Image-caption web data:
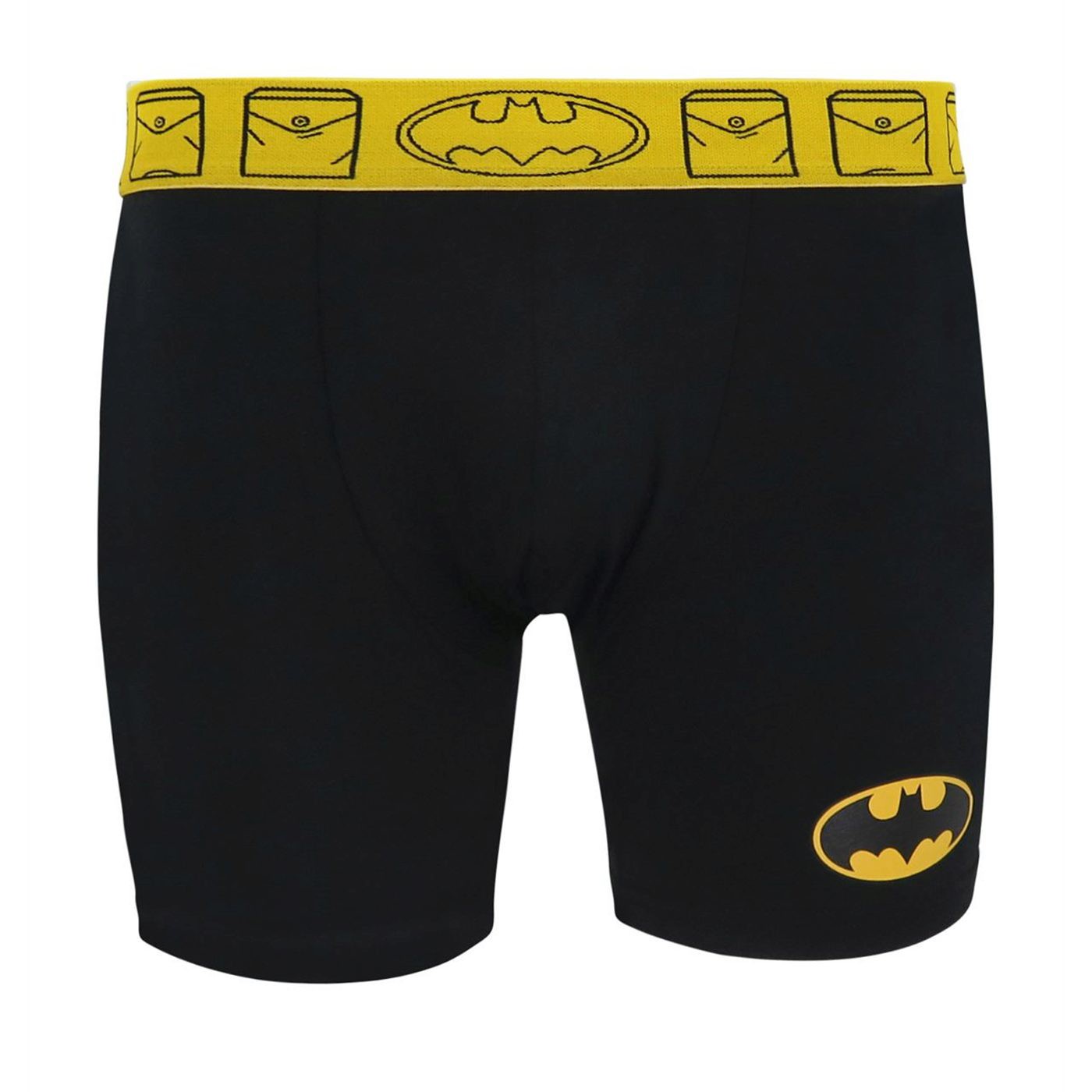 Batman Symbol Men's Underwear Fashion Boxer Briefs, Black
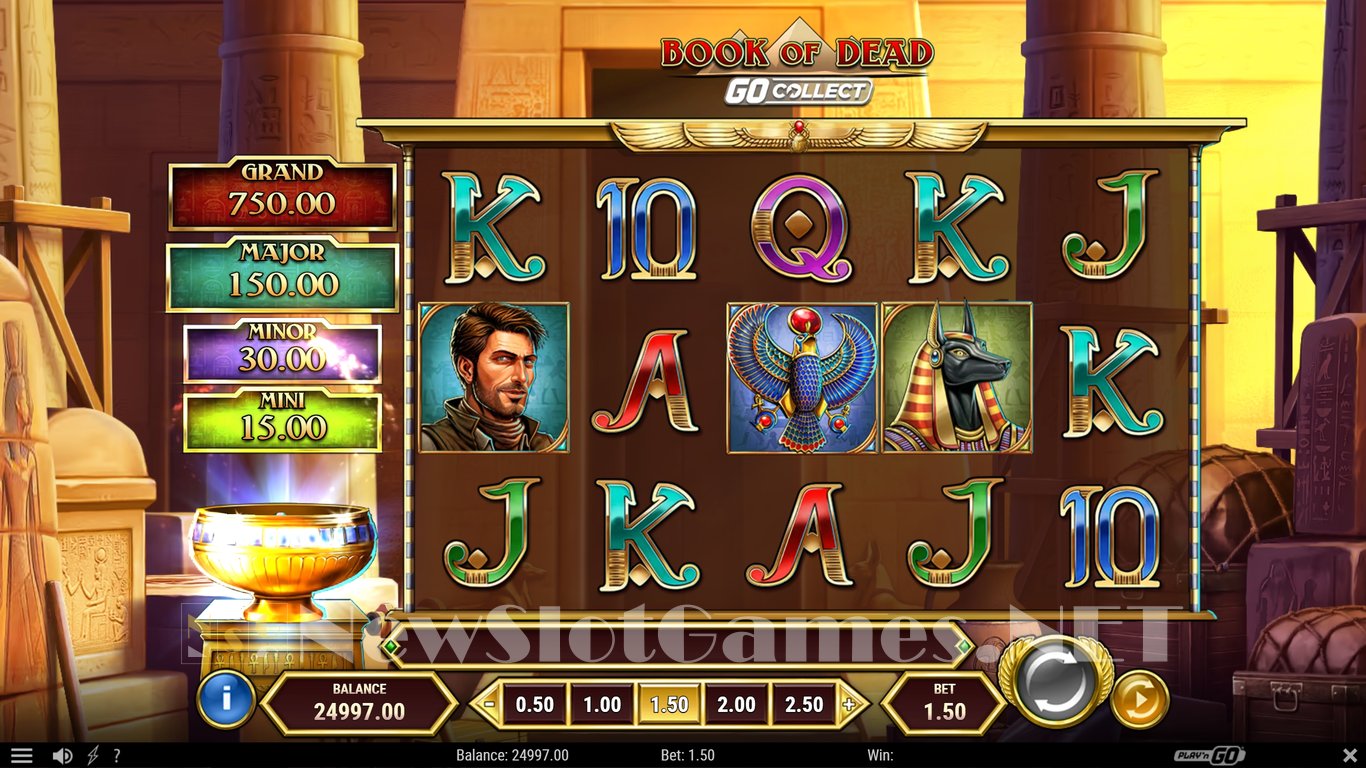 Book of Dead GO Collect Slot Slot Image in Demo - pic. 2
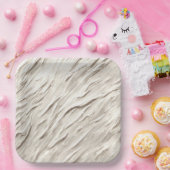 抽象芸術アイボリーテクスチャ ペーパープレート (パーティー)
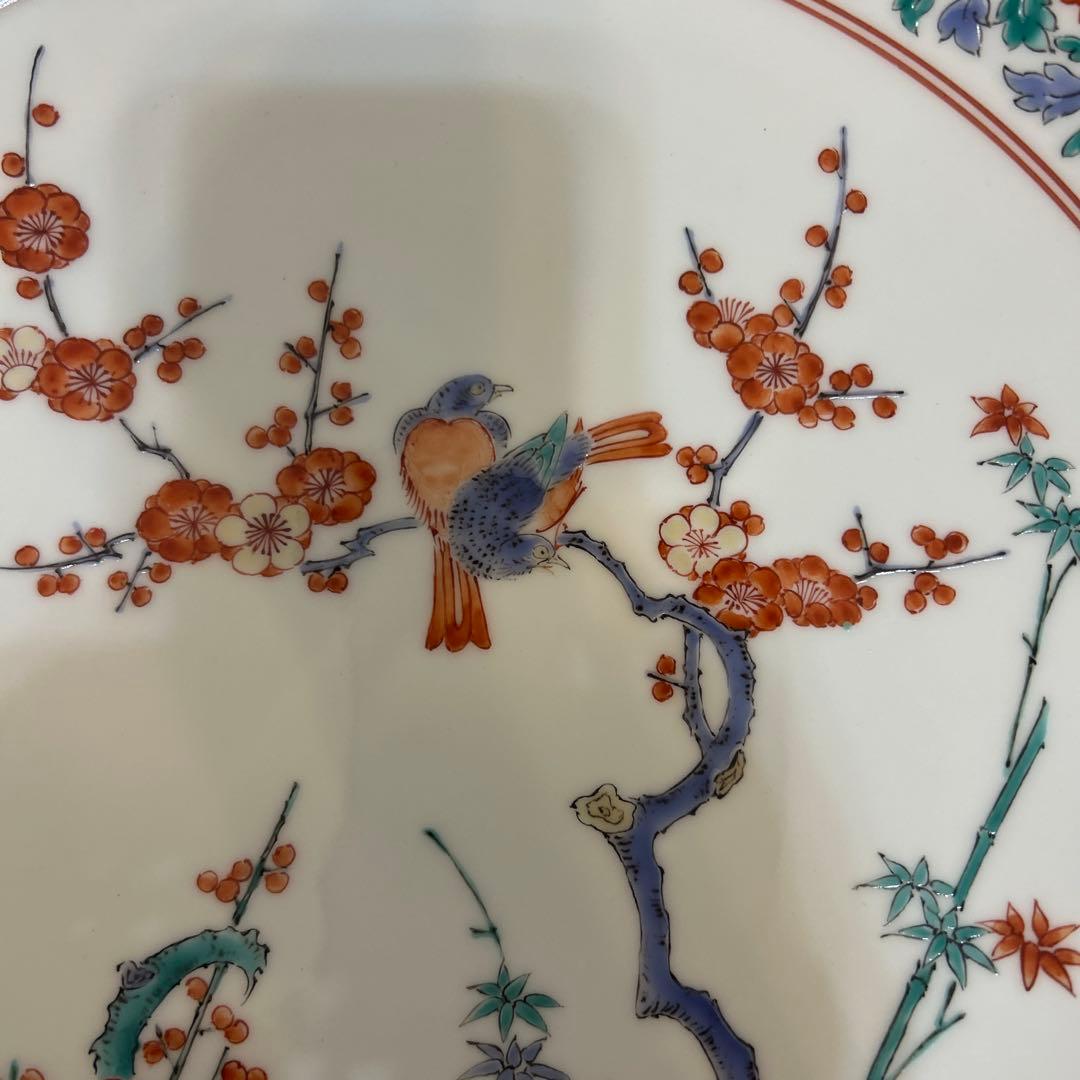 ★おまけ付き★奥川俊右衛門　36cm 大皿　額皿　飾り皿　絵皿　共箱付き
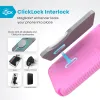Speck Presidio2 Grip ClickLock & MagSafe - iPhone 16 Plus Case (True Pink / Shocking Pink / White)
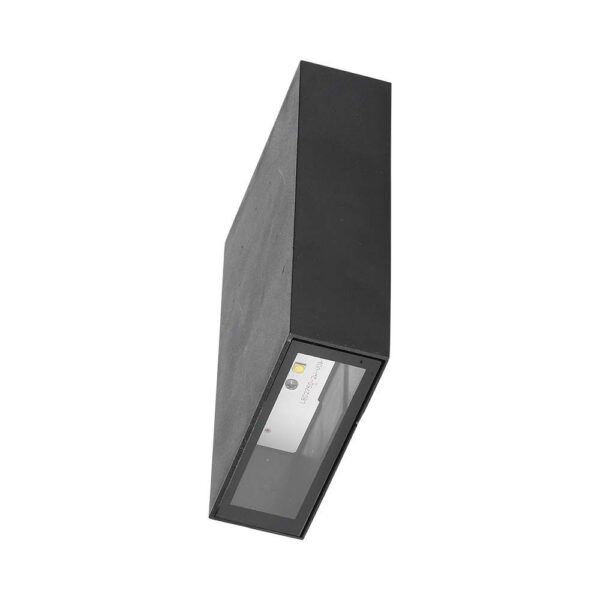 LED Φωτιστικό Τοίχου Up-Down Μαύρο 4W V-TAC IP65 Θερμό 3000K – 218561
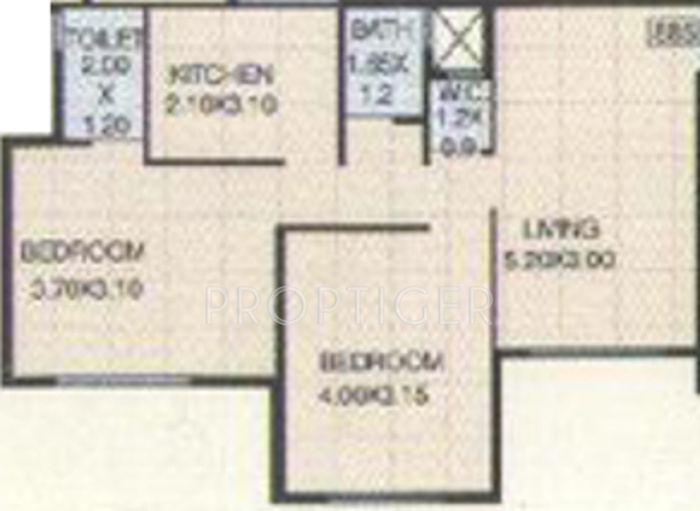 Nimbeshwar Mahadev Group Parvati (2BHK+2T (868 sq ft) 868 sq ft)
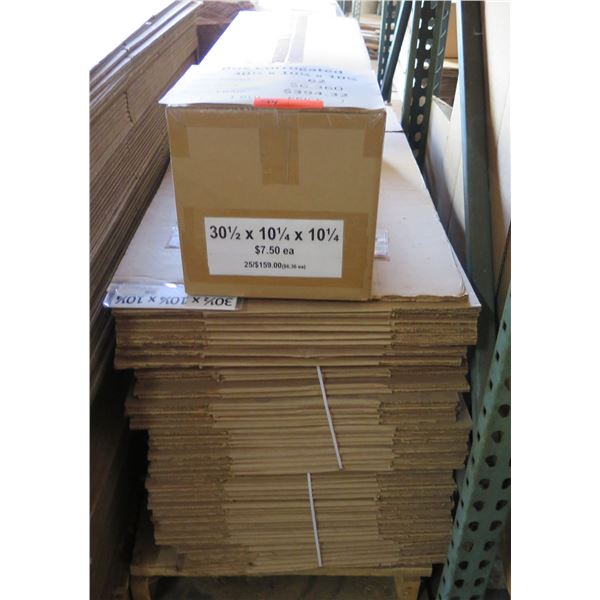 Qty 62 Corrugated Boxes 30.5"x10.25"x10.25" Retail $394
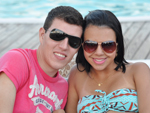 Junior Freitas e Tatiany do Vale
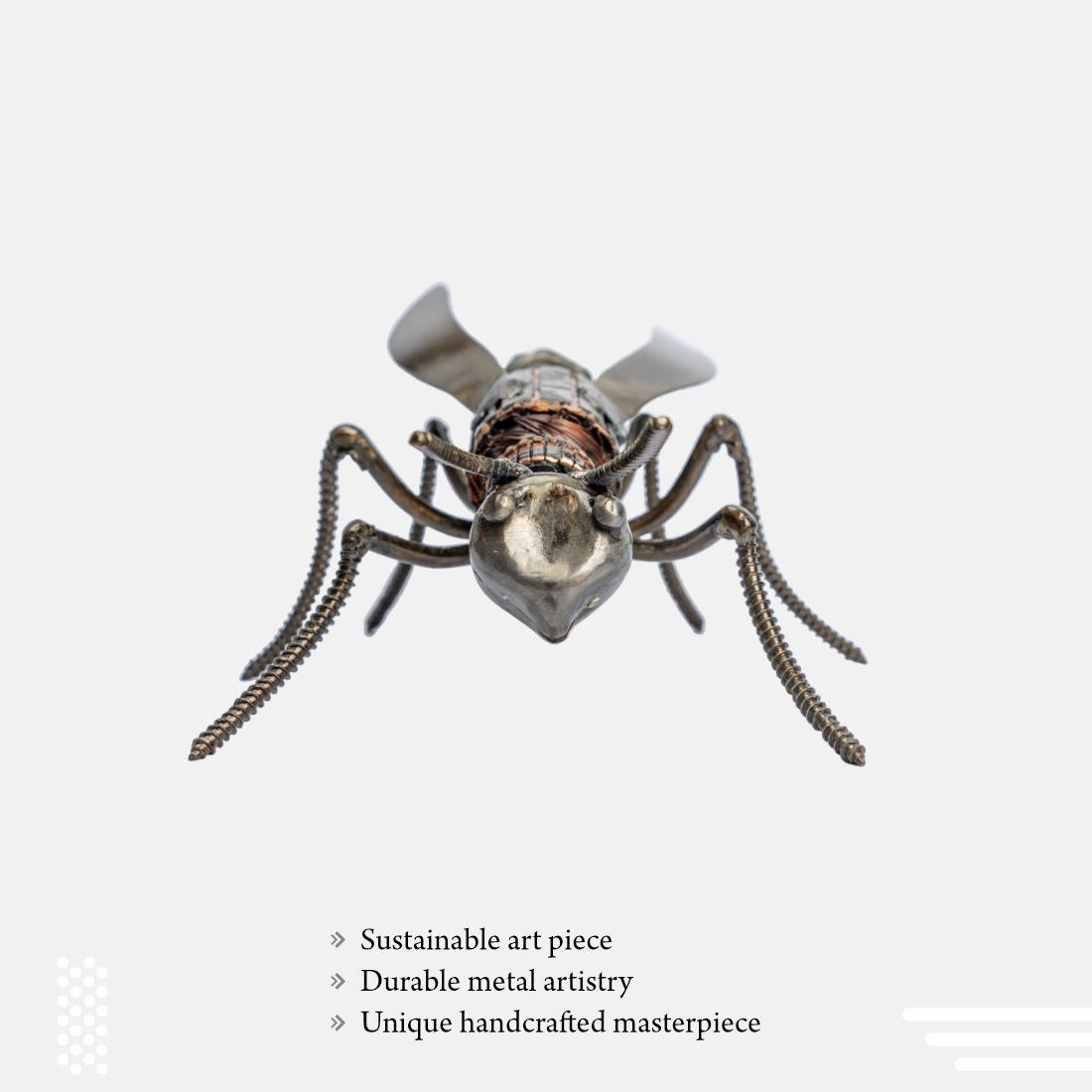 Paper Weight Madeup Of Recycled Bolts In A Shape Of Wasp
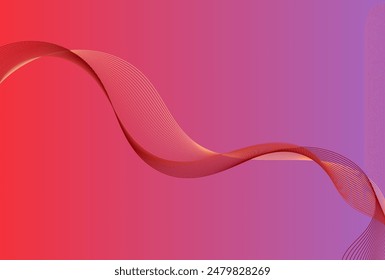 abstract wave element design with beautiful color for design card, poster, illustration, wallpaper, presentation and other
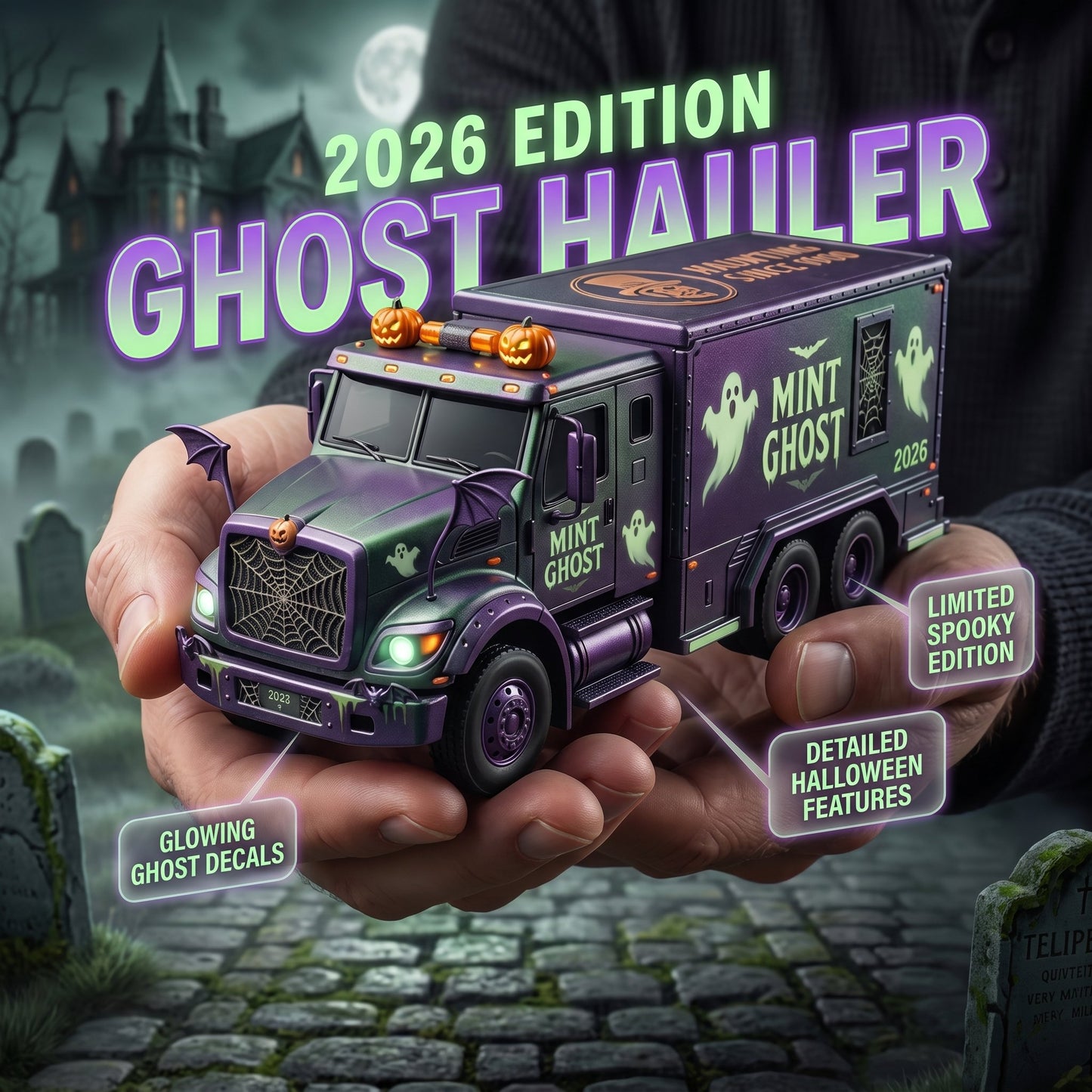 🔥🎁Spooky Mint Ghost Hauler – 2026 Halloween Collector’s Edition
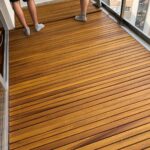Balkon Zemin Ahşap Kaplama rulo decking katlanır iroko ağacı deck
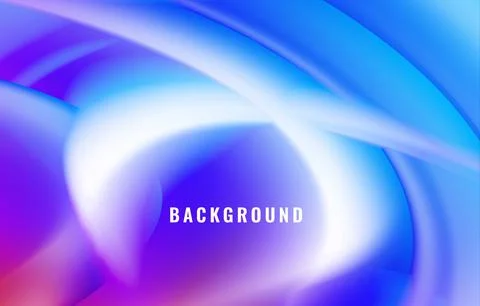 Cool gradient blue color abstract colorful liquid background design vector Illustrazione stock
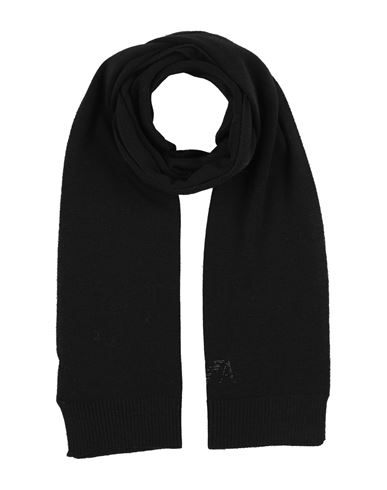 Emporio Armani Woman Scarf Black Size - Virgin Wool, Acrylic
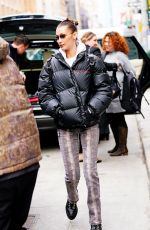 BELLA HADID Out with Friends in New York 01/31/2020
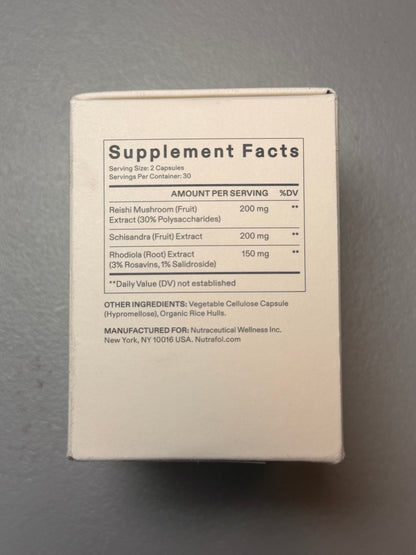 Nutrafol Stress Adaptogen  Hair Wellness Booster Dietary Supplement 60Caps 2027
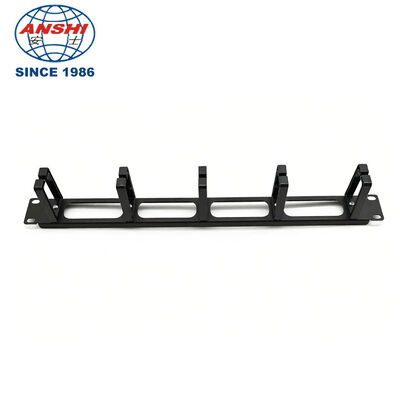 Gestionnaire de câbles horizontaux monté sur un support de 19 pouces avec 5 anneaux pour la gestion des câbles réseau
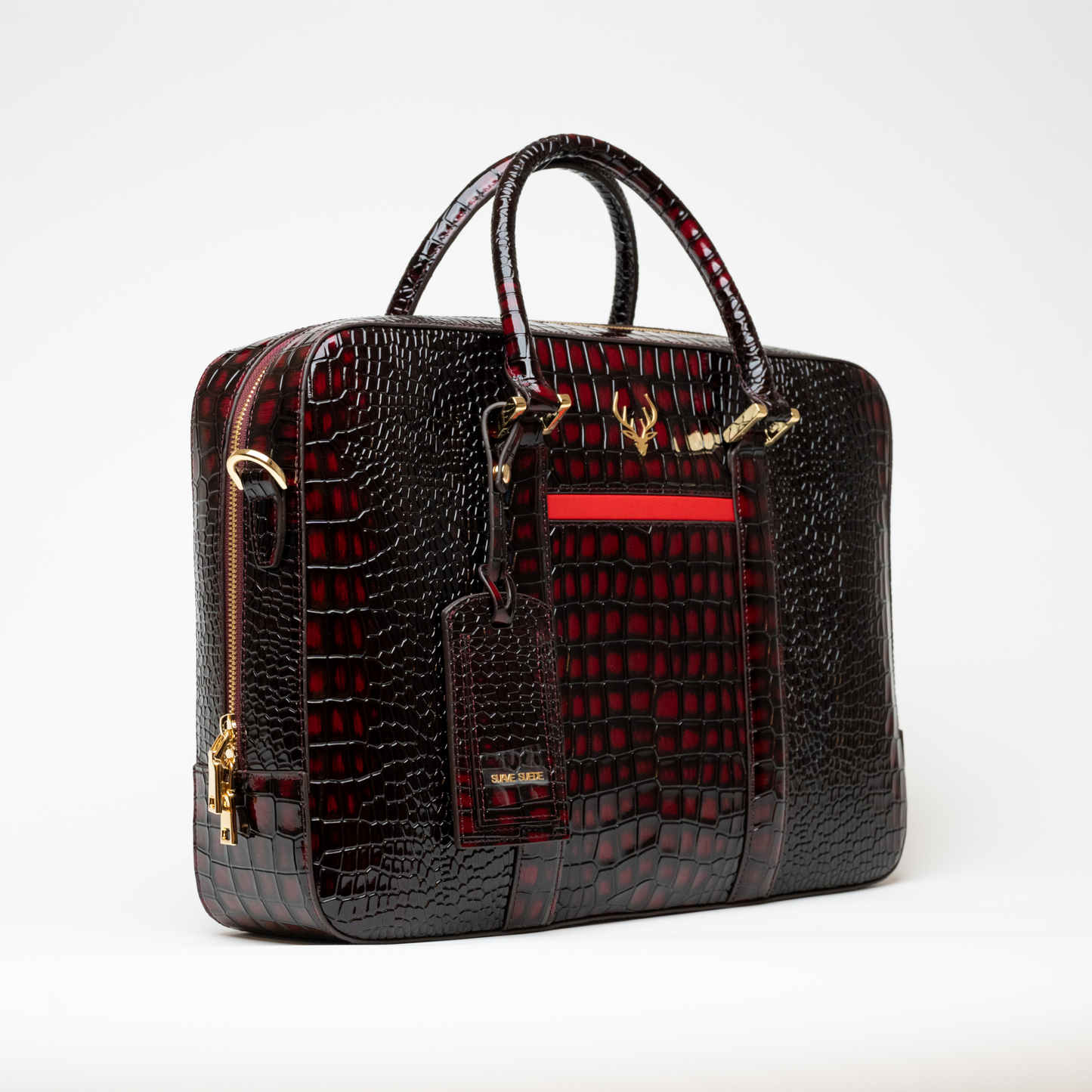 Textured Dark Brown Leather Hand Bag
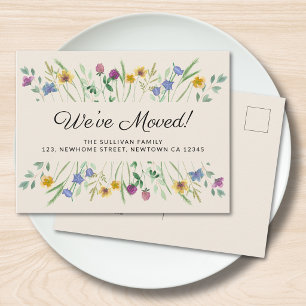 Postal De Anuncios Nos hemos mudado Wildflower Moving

> **Activity**: Using the entries above, transcribe every line from the line containing "abstract wave element" through the line containing "Emporio Armani Woman". Do not copy pictures.

> **Result of the exercise**:
 abstract wave element design with beautiful color for design card, poster, illustration, wallpaper, presentation and other
 🔥🎁Spooky Mint Ghost Hauler – 2026 Halloween Collector’s Edition
Balkon Zemin Ahşap Kaplama rulo decking katlanır iroko ağacı deck
 Cool gradient blue color abstract colorful liquid background design vector Illustrazione stock
 Emporio Armani Woman Scarf Black Size - Virgin Wool, Acrylic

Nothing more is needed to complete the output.